Mr Lyman said emergency planning zones in the US must be expanded. He said:

“The NRC Task Force report got some things right but others wrong. In contrast to the Task Force conclusions, we believe that emergency planning zones should be expanded, certain hydrogen control measures should be immediately enforced and spent fuel transfer to dry casks should be accelerated. Also, the safety margins of new reactors need to be reassessed.”

He added that the recent East Coast earthquake should spur more NRC safety analysis. He said:

“The earthquake near the North Anna nuclear plant, which reportedly exceeded the plant’s seismic design basis, reinforces the urgency of the NRC Fukushima task force’s recommendation that all plants immediately be reviewed for their vulnerability to seismic and flooding hazards based on the best available information today.”

Dr Kanter said Fukushima is turning out to be much worse than Chernobyl. He said:

“Although the Chernobyl reactor explosion was devastating, scattering the majority of its nuclear core across a wide swath of Europe, the Fukushima accident involved three reactors, which underwent meltdowns (or melt-throughs) and four spent-fuel pools that suffered damage.
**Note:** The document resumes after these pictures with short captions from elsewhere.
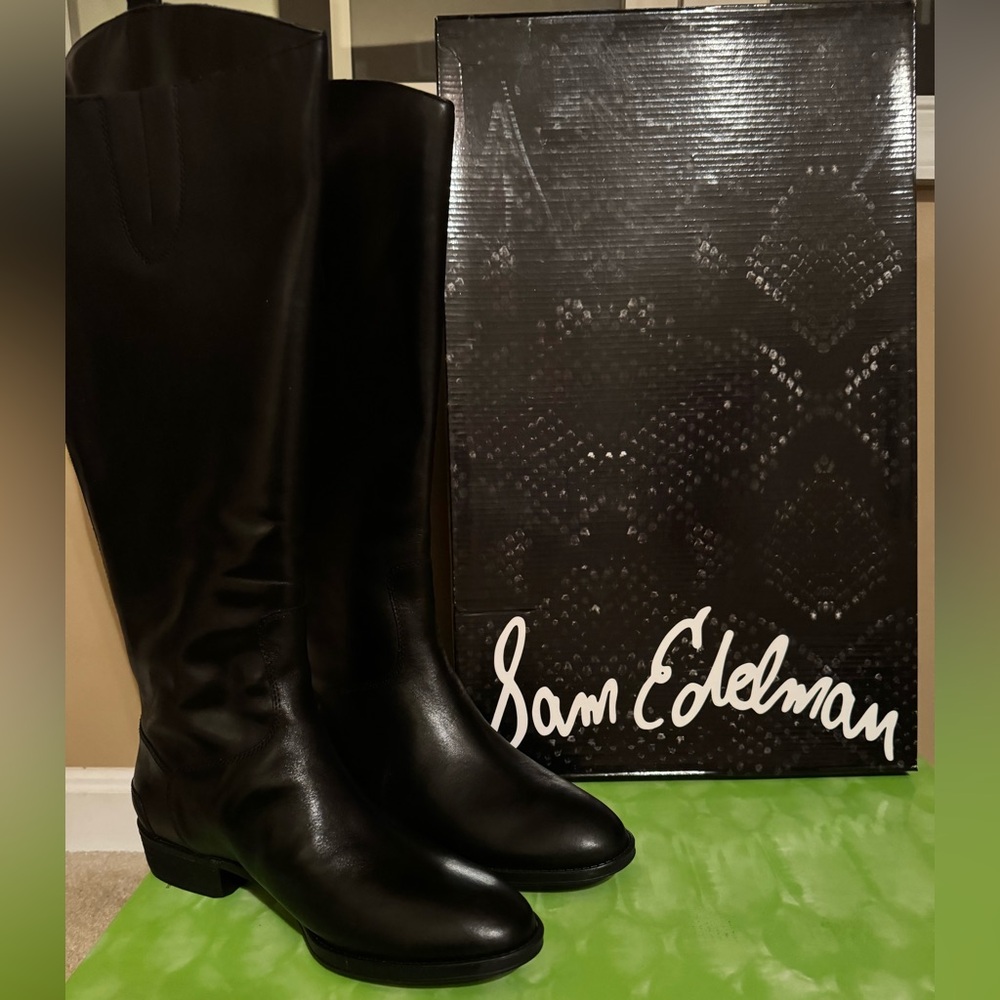 Sam Edelman Penny Riding Boot. NIB. Black. Sz 7W. WIDE CALF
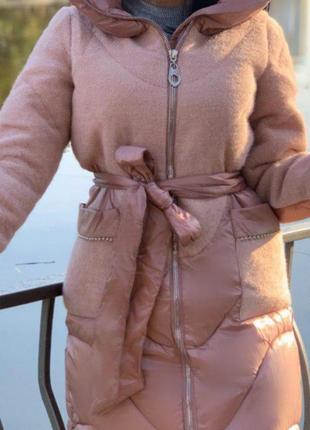 Куртка  пуховик жіночий рожевий3 фото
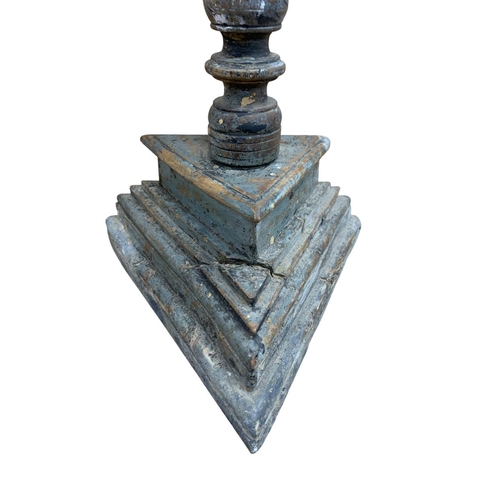 1087 - Large 18th century French hand carved Pique Cierge candlestick holder, H 120cm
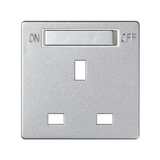 Cover for british standard socket with switch, aluminum
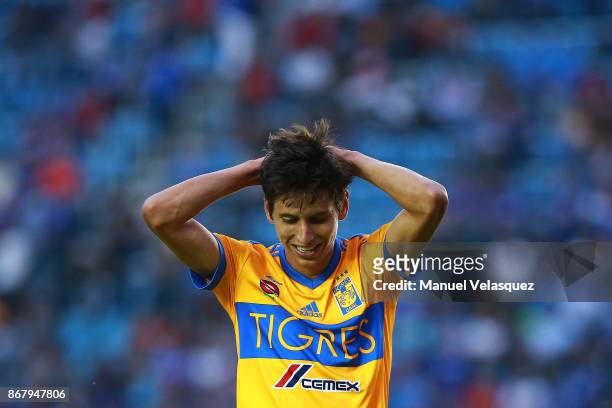 Jurgen Damm reacts after missing a chance to score during the 15th round match between Cruz Azul and Tigres UANL as part of the Torneo Apertura 2017...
“It will take years to measure the total release of radioactive materials into the environment from Fukushima, but we already know that that the immediate releases are now estimated as being twice as high as originally admitted.

Some authoritative sources, using releases of radioactive Xenon as a marker, show that the amount of Fukushima Daiichi radioactive fuel that has been damaged/released could be several times that of the Chernobyl release.

Another estimate has the equivalent of 168 Hiroshima bomb’s worth of Cesium have been released onto Japan.”